Stored data |
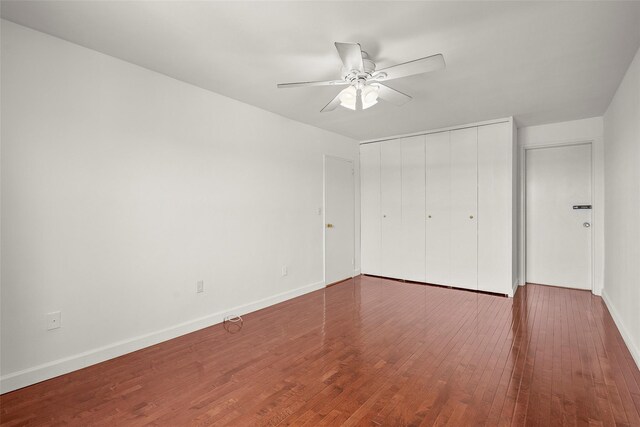 505 Central Ave Unit 609, White Plains, NY 10606 - unfurnished bedroom with wood-type flooring, a closet, and ceiling fan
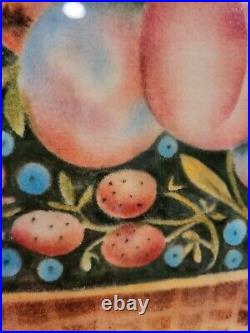 VTG Folk Art Theorem Painted Fabric Bird Fruit Branches Basket Framed M COLVIN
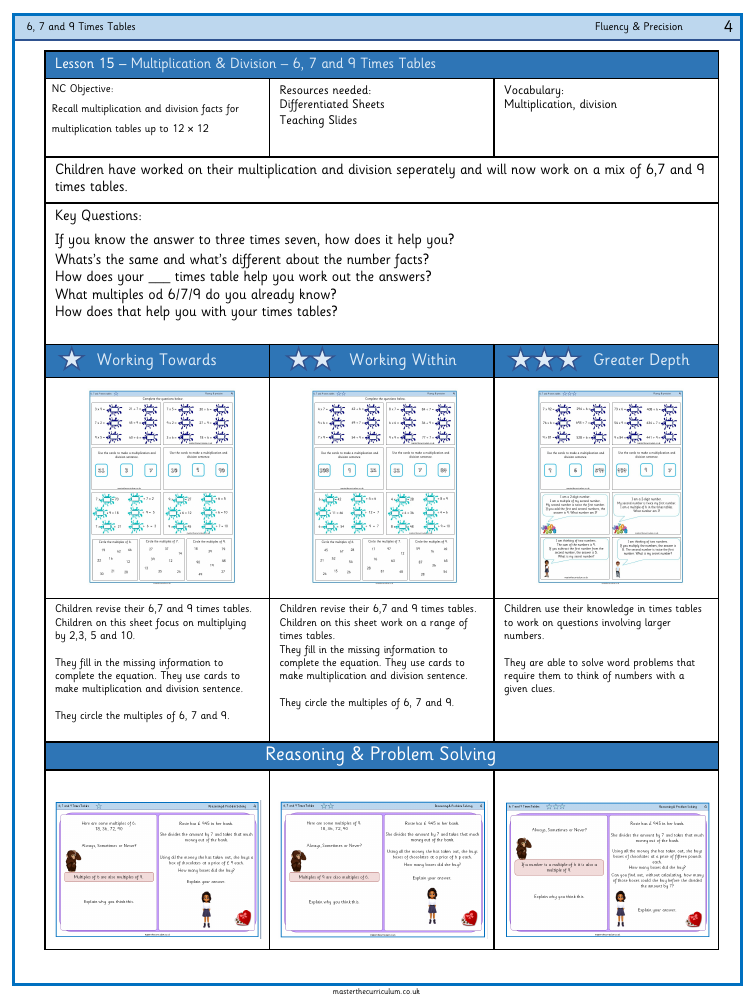 Multiplication and Division - 6, 7 and 9 Times Tables - Worksheet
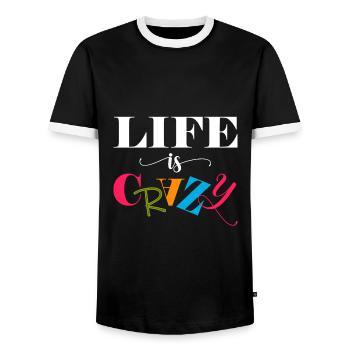 Life is crazy - Men's Ringer Shirt - black/white - Front - AI Model Female 172 light (172cm) & AI Model Male 178 light (178cm)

Your objective | Reproduce the listing exactly. Do not include its images.

Solution to the exercise |
 505 Central Ave Unit 609, White Plains, NY 10606 - unfurnished bedroom with wood-type flooring, a closet, and ceiling fan
 VTG Folk Art Theorem Painted Fabric Bird Fruit Branches Basket Framed M COLVIN
 Multiplication and Division - 6, 7 and 9 Times Tables - Worksheet
 Life is crazy - Men's Ringer Shirt - black/white - Front - AI Model Female 172 light (172cm) & AI Model Male 178 light (178cm)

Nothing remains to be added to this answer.